Being Trans in Catalyst

I’ve been so lucky since joining Catalyst. Everyone has accepted me and been open to learning more about the trans community. Nobody has ever questioned my authenticity, and documents were handled sensitively when they contained personal details.

Anyone who has said ‘she’ by accident has corrected themselves and shown a willingness to grow and learn, which is all I could ever ask for! I’m also slowly rolling out a transgender awareness session to office staff, and in the near future, clinicians supporting gender diverse people. This way, we can ensure that the people we support are also seeing the benefits of how progressive CCG is.

Inclusion in Care

Everyone being supported deserves to be treated with respect, dignity and patience. Catalyst believes in providing personalised care tailered to each individual. We know there is no blanket approach to care that will work for everyone, no ‘one size fits all’ approach. This inclusion means that by default, we recognise the unique needs of LGBTQ+ people and address them accordingly. Here are some areas where we can focus our attention to ensure we’re doing our best to support our LGBTQ+ families.

Being Aware of Health Disparities
The rates of mental health difficulties, substance abuse and chronic conditions are higher for those in the LGBTQ+ community compared to their heterosexual and cisgender counterparts. By acknowledging this, we can ensure we’re the best advocates we can be for the families we support who are in the LGBTQ+ community, and ensure that the treatment they’re getting is fair and just.

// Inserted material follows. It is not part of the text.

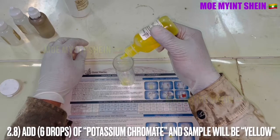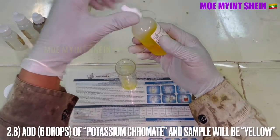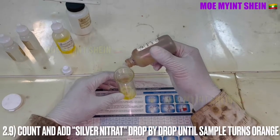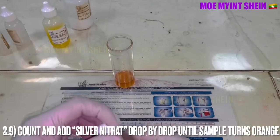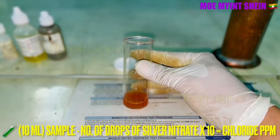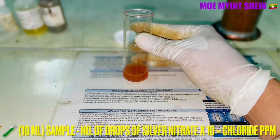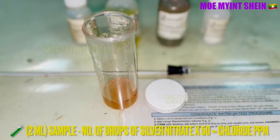After that, add 6 drops of potassium chromate — the sample will turn yellow. Count and add silver nitrate drop by drop until the sample turns orange. Chloride ppm can be calculated by multiplying the number of drops of silver nitrate by 10. This is for a 10 milliliter sample. For a 2 milliliter sample, multiply by 50 instead of 10.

Trust, Communication and Education
These are the building blocks to any good support, even more so for LGBTQ+ people. Build trust by listening and believing. Build good communication by using their preferred method of communicating and providing a space where they can be open and honest without judgement. Educating yourself and your colleagues on relevant topics to ensure the person can ask you questions if they ever need support around LGBTQ+ matters. Some queer people will be willing to educate and share their experiences, others prefer to keep it to themselves. There are plenty of people who you can reach out to with any questions.

Preventing Discrimination and Bias
It’s important we stand up for the LGBTQ+ people we support if we see they are facing discrimination. For a lot of the people we support, we are their advocates. We’re the microphones to their voices. Standing up for their rights as an LGBTQ+ person is no different than all the other things we support them with. Sometimes, this needs to be handled incredibly sensitively. But Catalyst can provide resources to support you in dealing with those sensitive situations.